New Opportunities for English Credit

Brooke Holland, Writer

This school year, Bellows Free Academy allowed English elective courses to count as elective and English credit. This is offered to juniors and seniors. Some of the English elective classes include Video Literature, Vocabulary, Creative Writing, Sports Literature: Heroism, Victory, Disappointment, Defeat, AP Language and Composition and several others

According to Keith Carlton, who is the English Department Head, “Shifting… the 11th and 12th grade options… [allows] a lot more flexibility for students because now they’re not necessarily locked into the same English course for the entire year.” 

Not only does the change allow for flexibility among students’ schedules, it also benefits the proficiency grading scale. 

“Our [English] proficiencies are somewhat clustered, meaning 9th and 10th-grade proficiency standards are the same, and… 11th and 12th grade are the same. So [it] provides a…nice kind of organizing principle,” Carlton said. 

Introducing this elective and English credit change to the English department has opened up multiple opportunities for juniors and seniors.  Previously, schools around the United States had offered certain English classes at different grade levels than what BFA had offered “Our course of sequences was unique in the sense that most schools require students to take American [Literature] in 10th grade. Whereas, historically we’ve had [the class] in 11th grade,” Carlton said. 
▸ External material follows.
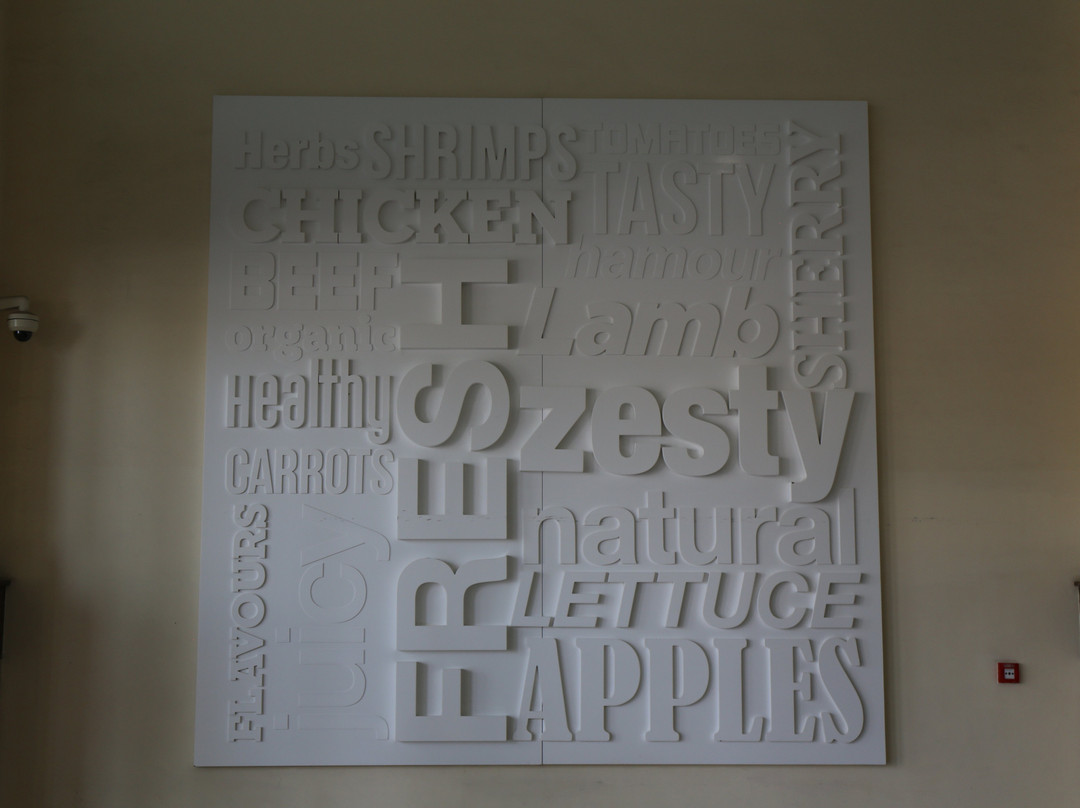 Souq al Jubail-沙迦必去景点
10th-grade students will now study American Literature instead of the traditional Foundation Literature course BFA once required. 

In addition to proficiencies and flexibility, students may find their strength in literacy increasing due to a variety of course options that BFA now allows students to partake in.   

“I’d prefer the option of [taking] two English electives to build my skills in two different ways that a year-long English class [wouldn’t] do as efficiently,” Adelyne Collin (‘22) said.